Integrating Pelican and Globus

Fellow: William Jiang

Mentors: Emma Turetsky & Justin Hiemstra

Fellowship Dates: 5/19/25 to 8/8/25

Background

The Pelican Platform is an open-source software platform designed to create data federations by unifying diverse data repositories (e.g. POSIX filesystems, S3) under a single architecture. It is used primarily as a service to accelerate data transfer for HTCondor jobs, which can run on the same data distributed across the globe. It differs from the Globus project, whose main goal is to facilitate peer-to-peer data transfer, and it thus lacks the means to plug into cluster scheduling frameworks like HTCondor.

Project Description

Project Scope

  • Support all Pelican commands (GET, PUT, LS, STAT, DELETE) against Globus endpoints
  • Set up integration testbed (ITB) and write HTCondor script to do integration testing and system profiling

Project Challenge

  • Globus expertise vacuum: no one at CHTC had in-depth knowledge of Globus including its APIs, authentication system, or infrastructure. The developer who last worked on the integration project and had done the authentication piece left prior to my arrival, thus I needed to become the sole expert on Globus
  • C++ systems development: while I knew of such C++ primitives as threads, smart pointers, lifetimes, and so on from course materials and self-studying, using them in practice was challenging
  • Integration with existing infrastructure: in particular, Pelican is an existing software package with its own intricacies, and in order to integrate with Globus, I needed to also become familiar with the whole Pelican system (which was more straightforward because of available help)

Project Vision

The vision of the project was to have a fully functional Globus integration, which users could use to set up their own Pelican origins that can read and write directly to Globus endpoints. From these origins, researchers that desire to do computation on data backed by a Globus endpoint can do so directly, rather than transferring to an object store served by a Pelican origin first.

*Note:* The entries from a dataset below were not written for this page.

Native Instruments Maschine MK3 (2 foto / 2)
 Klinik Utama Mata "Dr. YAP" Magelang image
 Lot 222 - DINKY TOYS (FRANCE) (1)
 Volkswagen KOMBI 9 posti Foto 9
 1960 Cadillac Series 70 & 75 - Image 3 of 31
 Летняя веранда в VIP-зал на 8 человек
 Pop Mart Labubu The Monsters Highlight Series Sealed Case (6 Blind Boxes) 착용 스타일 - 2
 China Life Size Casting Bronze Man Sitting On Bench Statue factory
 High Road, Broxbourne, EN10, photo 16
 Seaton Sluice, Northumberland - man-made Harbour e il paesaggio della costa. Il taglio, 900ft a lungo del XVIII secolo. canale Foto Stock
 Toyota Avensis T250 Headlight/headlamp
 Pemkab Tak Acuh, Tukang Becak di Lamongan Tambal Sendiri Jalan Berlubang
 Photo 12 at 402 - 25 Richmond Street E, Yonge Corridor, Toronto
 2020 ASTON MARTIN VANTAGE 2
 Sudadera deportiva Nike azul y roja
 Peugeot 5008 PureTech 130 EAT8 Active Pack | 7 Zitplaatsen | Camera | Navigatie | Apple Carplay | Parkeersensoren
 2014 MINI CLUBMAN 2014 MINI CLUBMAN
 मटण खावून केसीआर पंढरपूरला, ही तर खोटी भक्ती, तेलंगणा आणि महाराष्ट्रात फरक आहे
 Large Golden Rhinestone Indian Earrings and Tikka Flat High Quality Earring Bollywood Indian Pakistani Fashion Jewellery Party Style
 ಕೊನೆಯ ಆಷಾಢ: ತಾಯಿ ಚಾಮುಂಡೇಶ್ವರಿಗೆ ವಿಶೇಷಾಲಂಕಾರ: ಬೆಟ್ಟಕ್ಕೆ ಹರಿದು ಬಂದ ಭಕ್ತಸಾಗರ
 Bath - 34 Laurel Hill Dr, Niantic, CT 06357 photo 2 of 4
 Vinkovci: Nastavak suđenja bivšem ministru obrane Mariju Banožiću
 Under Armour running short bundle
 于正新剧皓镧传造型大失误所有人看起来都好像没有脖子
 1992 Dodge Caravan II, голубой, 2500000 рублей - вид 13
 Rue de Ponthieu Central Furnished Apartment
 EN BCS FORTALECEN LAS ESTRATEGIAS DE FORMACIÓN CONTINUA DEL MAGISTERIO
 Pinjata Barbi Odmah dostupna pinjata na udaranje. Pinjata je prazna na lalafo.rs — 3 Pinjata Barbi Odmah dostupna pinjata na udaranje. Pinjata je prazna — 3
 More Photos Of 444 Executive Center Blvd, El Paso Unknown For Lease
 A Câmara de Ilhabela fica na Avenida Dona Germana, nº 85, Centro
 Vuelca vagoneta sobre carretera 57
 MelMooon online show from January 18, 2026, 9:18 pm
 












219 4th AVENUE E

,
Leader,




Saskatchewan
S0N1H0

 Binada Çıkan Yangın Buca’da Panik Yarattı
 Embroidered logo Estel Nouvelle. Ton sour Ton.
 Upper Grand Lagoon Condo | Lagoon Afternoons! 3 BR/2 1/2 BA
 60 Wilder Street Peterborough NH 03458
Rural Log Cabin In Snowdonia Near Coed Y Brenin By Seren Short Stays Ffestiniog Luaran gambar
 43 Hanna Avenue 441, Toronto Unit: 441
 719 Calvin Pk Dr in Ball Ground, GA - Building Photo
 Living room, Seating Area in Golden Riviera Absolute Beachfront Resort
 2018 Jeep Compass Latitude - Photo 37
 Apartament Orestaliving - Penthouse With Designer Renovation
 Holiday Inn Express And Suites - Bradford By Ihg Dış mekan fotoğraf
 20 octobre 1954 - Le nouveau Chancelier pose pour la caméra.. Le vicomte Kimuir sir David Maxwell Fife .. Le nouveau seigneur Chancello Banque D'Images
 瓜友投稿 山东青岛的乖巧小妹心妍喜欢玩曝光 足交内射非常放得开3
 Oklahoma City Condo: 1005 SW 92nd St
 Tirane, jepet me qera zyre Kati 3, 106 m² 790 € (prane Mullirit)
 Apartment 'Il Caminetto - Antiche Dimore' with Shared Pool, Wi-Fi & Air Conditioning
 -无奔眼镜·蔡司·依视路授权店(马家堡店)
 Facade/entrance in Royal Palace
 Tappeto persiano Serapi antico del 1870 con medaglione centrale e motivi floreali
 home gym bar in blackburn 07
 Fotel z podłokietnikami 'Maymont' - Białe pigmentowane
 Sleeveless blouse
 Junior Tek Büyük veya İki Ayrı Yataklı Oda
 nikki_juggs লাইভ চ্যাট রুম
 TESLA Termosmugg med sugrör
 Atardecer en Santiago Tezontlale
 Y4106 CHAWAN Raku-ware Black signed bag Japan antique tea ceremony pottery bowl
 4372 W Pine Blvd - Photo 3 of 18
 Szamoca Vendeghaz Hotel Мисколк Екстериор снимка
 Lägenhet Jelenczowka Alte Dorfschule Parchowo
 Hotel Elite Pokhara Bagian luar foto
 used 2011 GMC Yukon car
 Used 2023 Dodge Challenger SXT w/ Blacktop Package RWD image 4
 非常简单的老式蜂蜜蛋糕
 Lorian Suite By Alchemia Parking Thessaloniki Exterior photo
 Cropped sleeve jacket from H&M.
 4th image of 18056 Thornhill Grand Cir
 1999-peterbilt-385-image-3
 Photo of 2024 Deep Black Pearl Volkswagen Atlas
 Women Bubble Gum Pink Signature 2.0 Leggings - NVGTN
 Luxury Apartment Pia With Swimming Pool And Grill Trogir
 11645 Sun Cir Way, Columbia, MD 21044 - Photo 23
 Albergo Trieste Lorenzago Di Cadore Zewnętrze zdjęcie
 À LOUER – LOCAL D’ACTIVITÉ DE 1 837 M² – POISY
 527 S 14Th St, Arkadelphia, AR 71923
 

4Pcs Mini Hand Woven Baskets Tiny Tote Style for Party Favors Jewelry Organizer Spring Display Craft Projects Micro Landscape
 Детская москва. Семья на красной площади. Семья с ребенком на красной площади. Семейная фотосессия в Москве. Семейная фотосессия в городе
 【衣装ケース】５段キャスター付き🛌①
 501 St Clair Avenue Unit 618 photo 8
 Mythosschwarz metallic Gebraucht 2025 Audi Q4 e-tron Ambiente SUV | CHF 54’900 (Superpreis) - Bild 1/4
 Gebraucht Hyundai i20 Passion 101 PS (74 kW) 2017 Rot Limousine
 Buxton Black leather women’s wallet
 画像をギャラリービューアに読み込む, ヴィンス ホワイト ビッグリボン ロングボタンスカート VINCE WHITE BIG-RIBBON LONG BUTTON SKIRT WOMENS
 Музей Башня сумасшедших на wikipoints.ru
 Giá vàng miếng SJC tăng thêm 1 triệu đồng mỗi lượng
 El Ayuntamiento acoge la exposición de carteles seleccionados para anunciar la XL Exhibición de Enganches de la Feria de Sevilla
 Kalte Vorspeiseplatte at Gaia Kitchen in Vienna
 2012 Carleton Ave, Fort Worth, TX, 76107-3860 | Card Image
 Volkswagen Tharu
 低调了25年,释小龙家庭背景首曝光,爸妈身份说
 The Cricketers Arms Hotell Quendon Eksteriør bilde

Additionally, the project team identified a need within Pelican to automate large scale integration testing, simply because no such infrastructure existed prior to my project. So questions like “what happens if there are a large number of simultaneous reads and writes to the same Globus endpoint”, or “how does Pelican behave under stress” are unanswerable. The hope is that with such infrastructure operationalized, the Pelican team can detect more issues that arise with scale prior to shipping to users.

Project Deliverables

  • A complete implementation of the Globus integration, in particular support for all five aforementioned Pelican commands against Pelican origins configured to serve Globus endpoints
  • An ITB consisting of a pre-configured Pelican origin with a dedicated Globus collection and endpoint for internal testing
  • A testing script for stress and integration testing against the ITB

Project Outcome

I was able to implement all previously enumerated Pelican commands, set up the ITB, and write a testing script. In addition, I documented nearly everything I learned over the course of the fellowship for knowledge transfer and posterity.

Shortcomings and Limitations

  • Configuring the Pelican origin to interface with Globus requires some duplicative set up for the XRootD layer. Ideally this XRootD set up would be automatically configured on origin start up, but I didn’t have time to figure it out and implement it. The steps to implement this are well-trodden though, and should be straightforward for any current Pelican developer to do
  • Running the testing script is not tied to any sort of automatic/recurring process like pull requests or commits to neither the Pelican nor XRootD plugin repositories, so it has limited utility for detecting regressions and performance issues

Recommendations for Next Phase of Project

  1. Automate XRootD config and integration test running as previously mentioned
  2. After determining that the new development is stable, work with interested parties for some beta testing
  3. Release to the public!

Lessons Learned

  1. It pays to understand all pieces of software deeply so that when issues arise, you know where to look first to troubleshoot. Additionally, learning systems is the most transferable skill out of any hard skill like actual programming or knowing some obscure piece of tech, so it is good to practice doing so.
  2. You can’t have technical discussions with others or communicate your work without being precise with your language. Otherwise you will disagree about very basic things and it is impossible to have any discussion period.